A Doctrine, or not a Doctrine?

Obama and Clinton had very similar speeches. Clinton's reasons for action were to protect innocent people, to prevent war, for peace, and to give people their freedom, which are pretty much the same as Obama's. Both men are trying to get the U.S. to back foreign intervention by appealing to citizen's emotions and sympathy. They both place an emphasis on haste of action as well. Clinton says that "ending this tragedy is a moral imperative" and Obama says that we cannot "turn a blind eye to these atrocities," both appealing to a moral obligation we should feel for other freedom (which is an appropriate way to make our selfish selves feel guilty). Basically, the overall reason for action in both cases is not because it is necessarily in our interest, or going to benefit us in any way, but rather to assure the same rights and freedoms that we enjoy to those around the world.

Obama's speech was far too specific to be a doctrine. He spoke only of the conflict in Libya and what role we would take there in this particular instance. Obama also put alot of emphasis on the fact that this was an allied attack and that the U.S. would be taking a supporting role by letting NATO and our foreign allies take a more robust stance. By making this address specific enough as to avoid making a doctrine, he is leaving room for interpretation when dealing with other conflicts, such as the ones in Darfur, and the Ivory Coast. The speech was good for setting out our plan in Libya, not in foreign altercations altogether-- or a "recalibration of national military strategy."

 I think it is smart for Obama to make his military agenda vague, rather than propose a doctrine. By doing so, he creates the ability to make foreign military action unique. Therefore, it is hard to tell what he would have the U.S. do in other situations, and while this middle-grounded approach may be vexing, its not like we have been the bastions of good foreign military intervention so why not leave things up in the air. Obama put an emphasis on the short number of days it took for us to achieve our goals in Libya (31 to be exact), which perhaps foreshadows his desire to act fast, or faster than we have in the past, when dealing with foreign conflicts. And while there are many other conflicts going on internationally (Ivory Coast, Yemen, Syria) we cannot act on all of these and do an efficient job, so presidential discretion on which are the most threatening/important must be implemented.
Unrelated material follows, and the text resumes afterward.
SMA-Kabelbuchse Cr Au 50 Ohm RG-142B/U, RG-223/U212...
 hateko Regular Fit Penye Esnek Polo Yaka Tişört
As for Clinton's speech, it is kind of doctrine-ish. While it is somewhat specific to the conflict in Kosovo, he also says that if America is going to be prosperous and secure, Europe needs to be prosperous and secure. By stating this, Clinton seems prepared to act upon any conflict that may arise and threaten one of our "key" U.S. allies and eliminate all threats of drawing these key players into a wider conflict. By creating a doctrine, Clinton had us intervene in many more countries than Obama has and had America take a more dominant active role in foreign conflict. While Clinton's speech on the conflict in Kosovo had us take a more active role in all foreign conflict than Obama's on Libya, they both place an emphasis on acting out of compassion and in haste to avoid the mistakes we have made in the past by waiting to intervene.

 

Wednesday, March 9, 2011

The Myth of Judicial Objectivity

The modern federal judicial nomination process is as follows:

When there is an open judicial position, the president nominates someone and typically consults with key senators before announcing his nominee. Once he announces his choice, the nomination is sent to the Senate Judiciary Committee where information, records and qualifications are found and researched. After this, the Judiciary Committee votes on the nomination and may either recommend that he/she be confirmed, rejected or may give no recommendation to the Senate. Then the Senate debates the nomination, with a vote of 3/5 in order to end debate. Then the Senate needs a simple majority to confirm the nominee. So in short, the Senate has the final say.

Due to the fact that a president is given the power to select nominees, the filling of judicial positions has become quite political. It is often not about who is the most qualified and impartial, but about ideologies and partisanship. These appointments are used as political playing cards in order to get ahead in the game. However, I do find the whole process appropriate. I believe it is beneficial to give the Senate the ultimate say in whether a nominee is actually confirmed or not.

Since there isn’t much hope to rid the judicial nomination process of partisan-based decisions, I believe the court needs to be political, but I also believe that some magic balance needs to be made. Perhaps we should have a fairly equal ratio of democrats to republicans. By doing this decisions can be made more rationally and through healthy debate. Nominating people like Elena Kagan is a poor decision because she is moderate. It is hard to decide on which side of issues she will fall, therefore she is in the middle and if we nominate people like that, conformity is bound to take effect. If all decisions are made unanimously, then there will be less chance for dissent, however dissent is often a good thing. For example, when the United States decided to invade the Bay of Pigs many of the president’s advisors had foreseen failure, but no one was willing to stand up in protest therefore they conformed and well we failed…miserably. While that does not have to do with the judicial nomination process, it still illustrates my point that dissent, therefore polarization, in the court is something that needs to be done if the judiciary is going to be political and be somewhat objective-ish. Just because a Supreme Court nominee has no outstanding political record does not mean that they are not political beings because we are all opinionated and political.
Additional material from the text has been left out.